Would you transcribe the whole listing exactly, minus its pictures?

Supplied data =>
------------------------------------------------------------

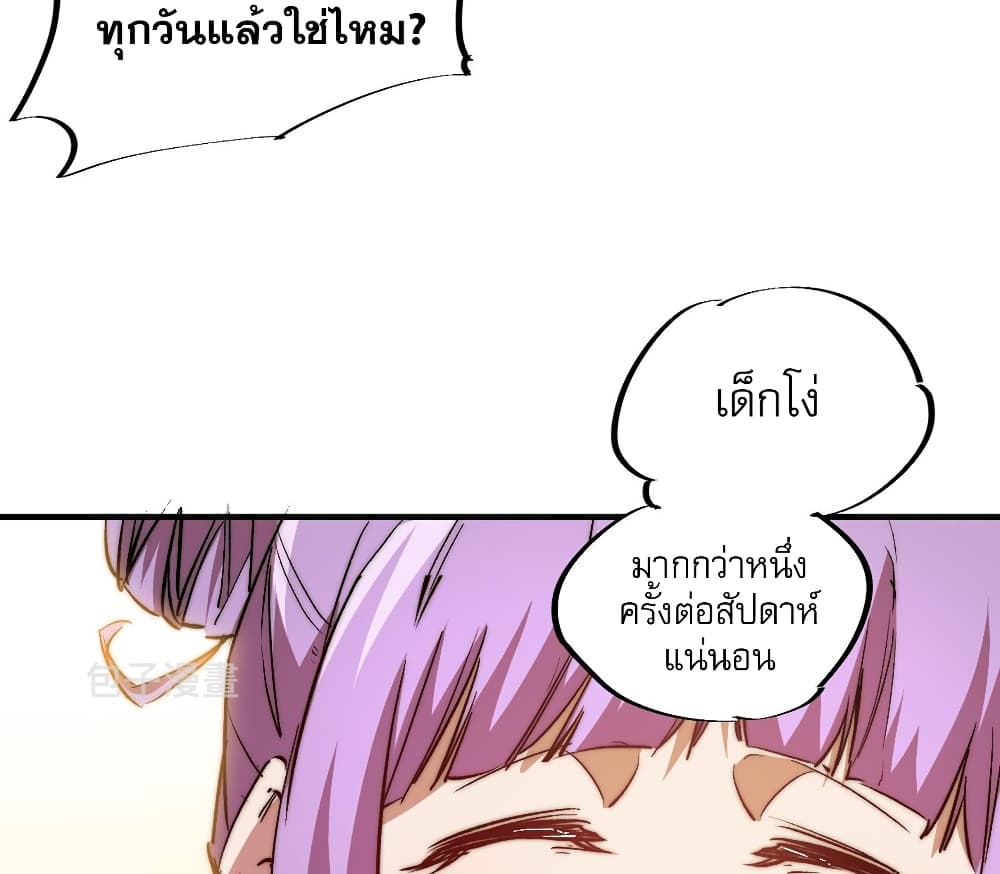 ฉันคือผู้เล่นไร้อาชีพที่สังหารเหล่าเทพ 28/41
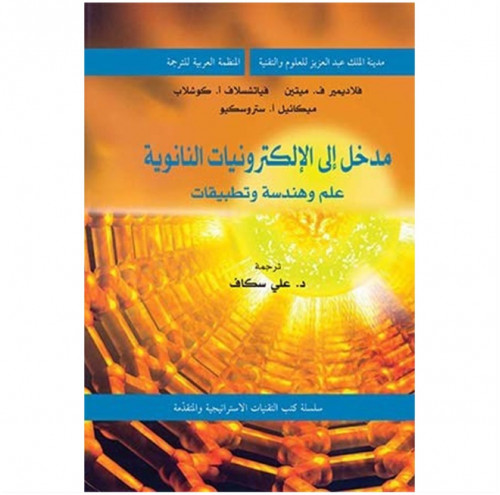 مدخل الى الإلكترونيات النانوية
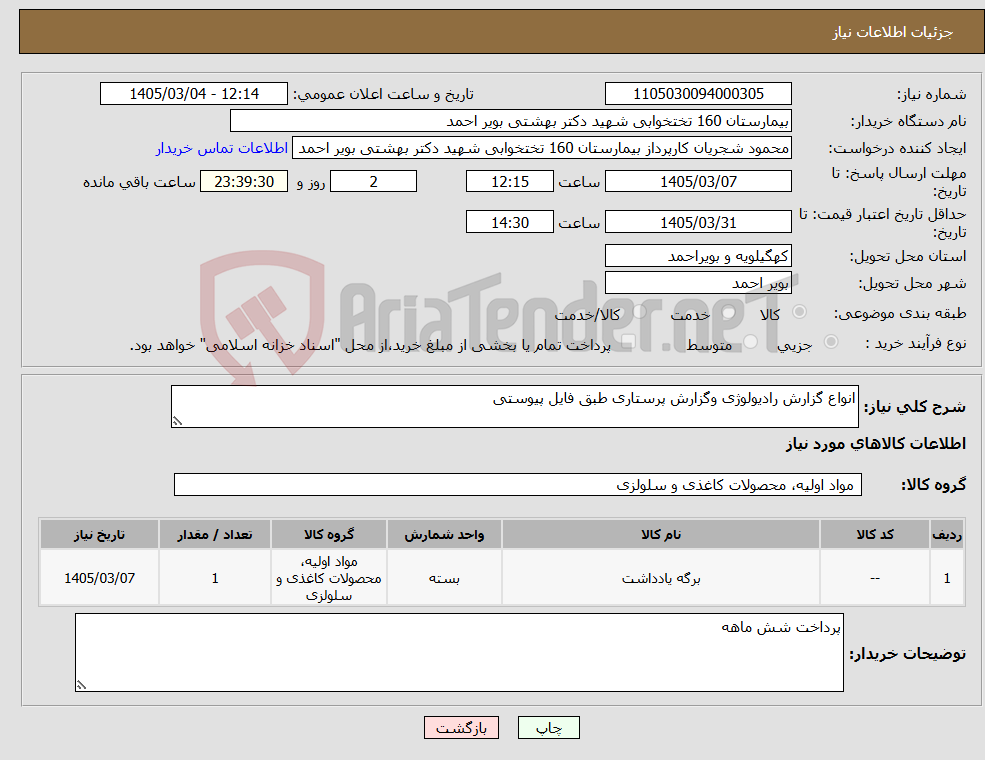 تصویر کوچک آگهی نیاز کالا-انواع گزارش رادیولوژی وگزارش پرستاری طبق فایل پیوستی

------------------------------------------------------------

Written solution =>
 ฉันคือผู้เล่นไร้อาชีพที่สังหารเหล่าเทพ 28/41
 مدخل الى الإلكترونيات النانوية
 تصویر کوچک آگهی نیاز کالا-انواع گزارش رادیولوژی وگزارش پرستاری طبق فایل پیوستی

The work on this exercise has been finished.